* Scraped caption text data *
- - - - -

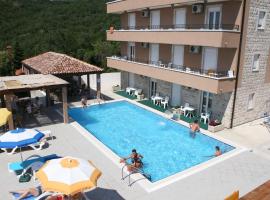 Apartments Đurašević, guest house in Sveti Stefan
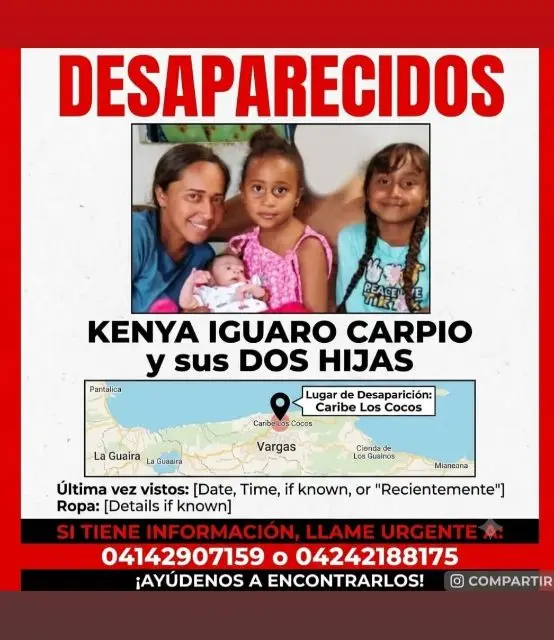 Kenya y sus hijas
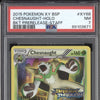 Chesnaught Holo 2015 Pokemon BREAKthrough XY68 Prerelease Staff PSA 7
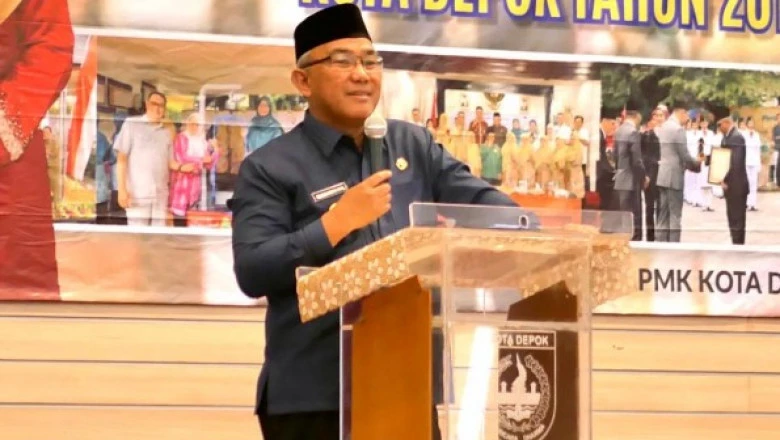 Wali Kota Hadiri Pembinaan Kader Posyandu Terintegrasi Kota Depok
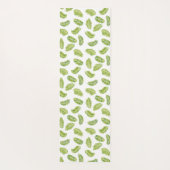 Tapis De Yoga Palmes tropicales (Dos)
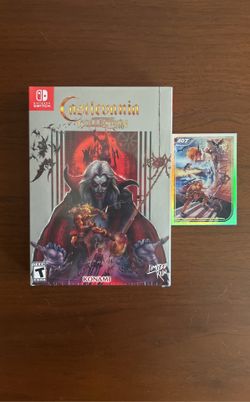 Castlevania Anniversary Collection Sealed Limited Run Nintendo Switch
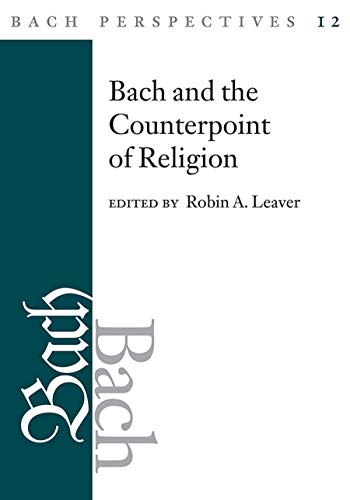 Bach and the Counterpoint of Religion cover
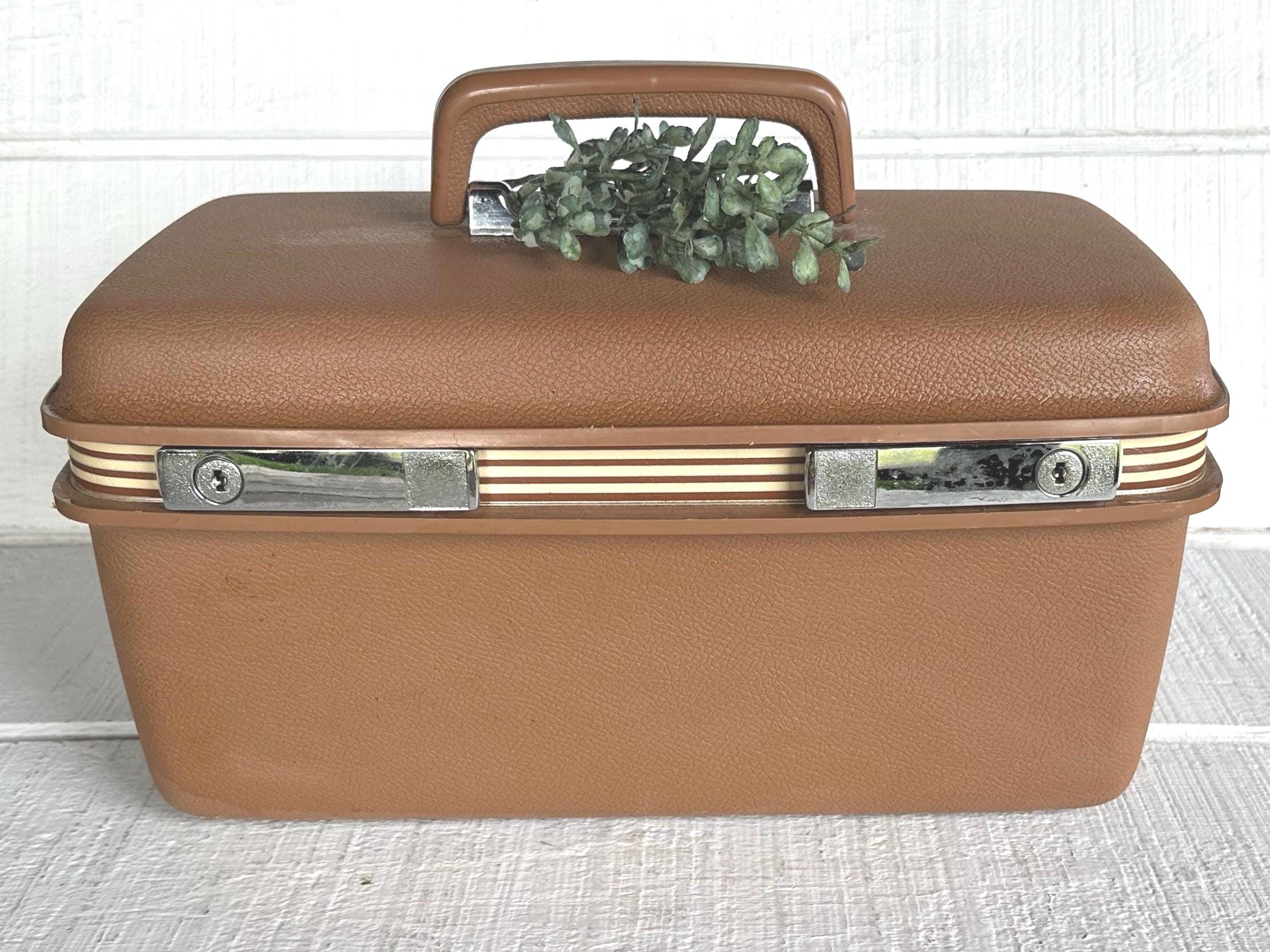 Samsonite トレインケース 鍵2個付 昭和レトロ、ビンテージ 公式WEB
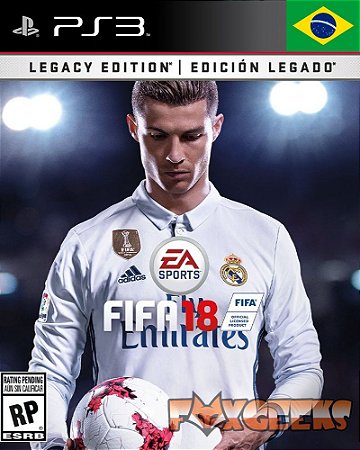 FIFA 18 Legacy Edition [PS3]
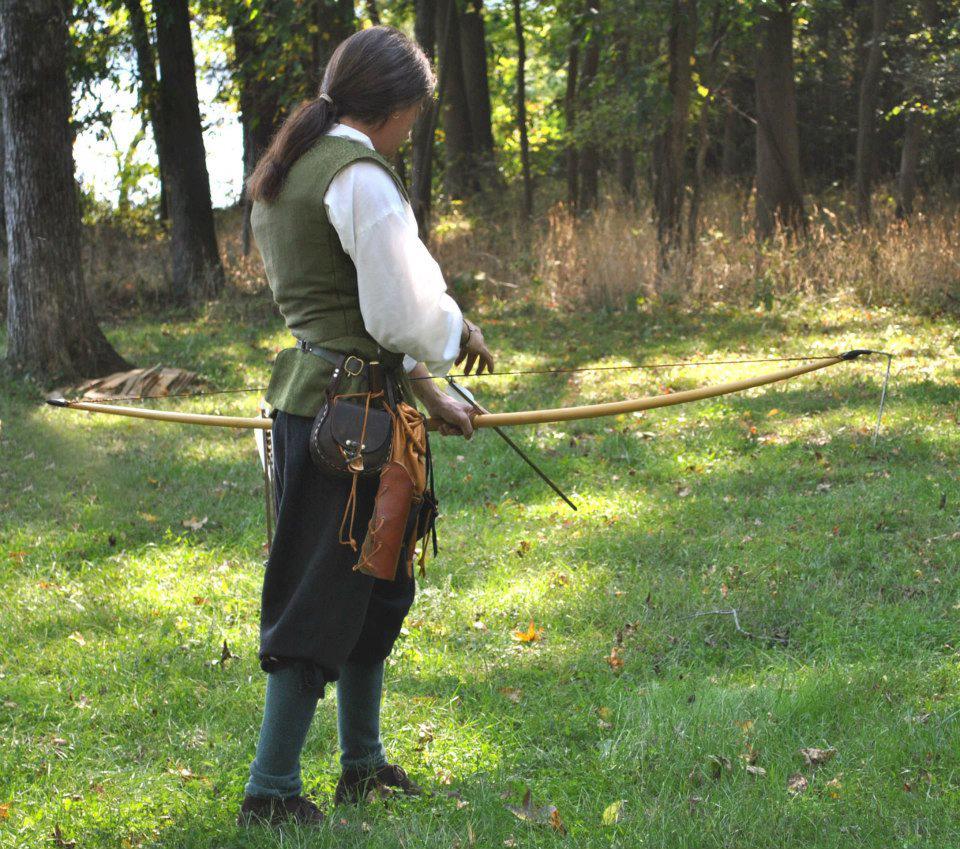 Elena, Husbands sleeveless doublet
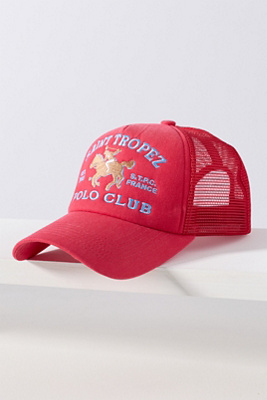 Worn/west Trucker Hat In Pink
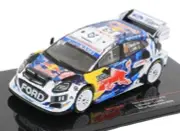 Ford Puma WRC Rally1 #13 Rally Monte Carlo 2024 Munster/Louka RAM915 IXO 1:43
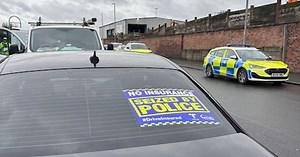 Police carry out crackdown after Manchester postcode revealed as UK hotspot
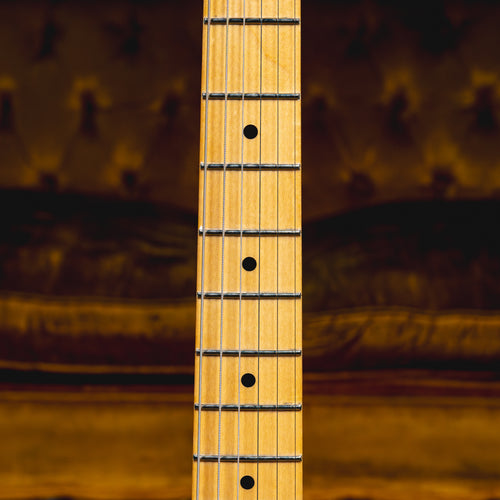 2022 Fender Ben Gibbard Mustang Electric Guitar w/Hard Shell Case, Natural - Used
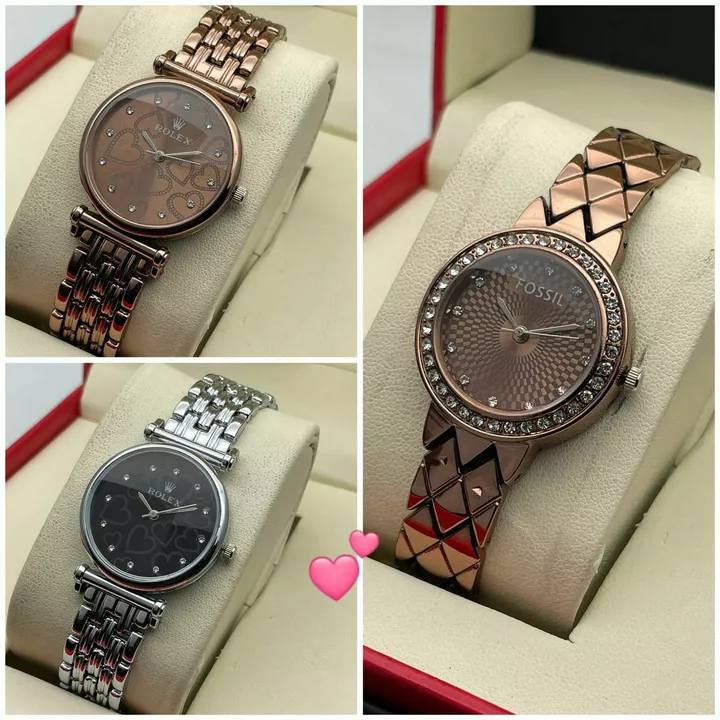 Ladies watch 
3 watch combo uploaded by Anshi collection  on 6/6/2022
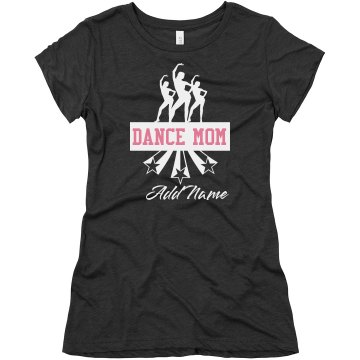 Dance Mom Stars Junior Fit Bella Triblend Tee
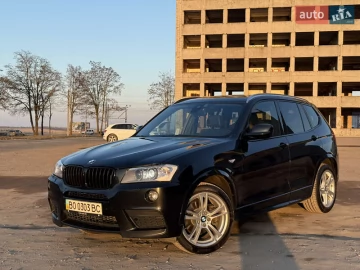Авто BMW X3 2012 № 7545663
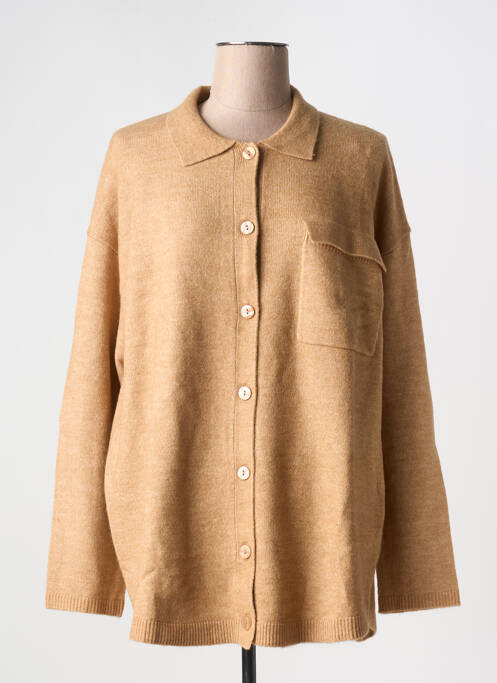 Vestă cu mâneci lungi maro THERMOLACTYL BY DAMART femeie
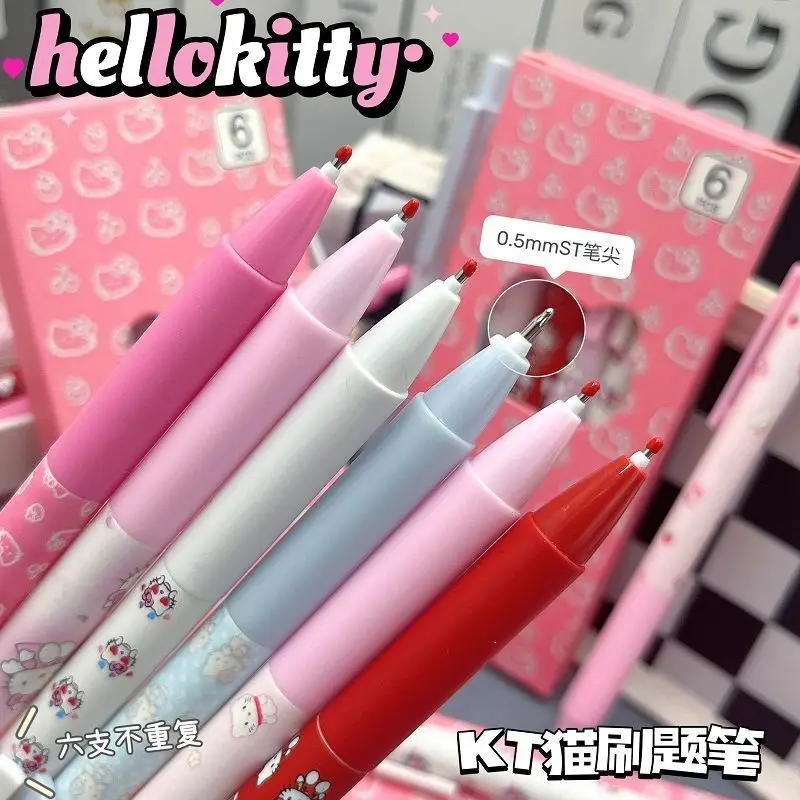 Ручка гелевая в форме сердца для девочек 0 5 мм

- - - - -

Pictures should not appear in the copy. Write out exactly the lines above from the first one through the line that contains "Elena, Husbands sleeveless doublet".

 Apartments Đurašević, guest house in Sveti Stefan
 Kenya y sus hijas
 Chesnaught Holo 2015 Pokemon BREAKthrough XY68 Prerelease Staff PSA 7
 Wali Kota Hadiri Pembinaan Kader Posyandu Terintegrasi Kota Depok
 Tapis De Yoga Palmes tropicales (Dos)
 Castlevania Anniversary Collection Sealed Limited Run Nintendo Switch
 Bach and the Counterpoint of Religion cover
 Samsonite トレインケース 鍵2個付 昭和レトロ、ビンテージ 公式WEB
 FIFA 18 Legacy Edition [PS3]
 Elena, Husbands sleeveless doublet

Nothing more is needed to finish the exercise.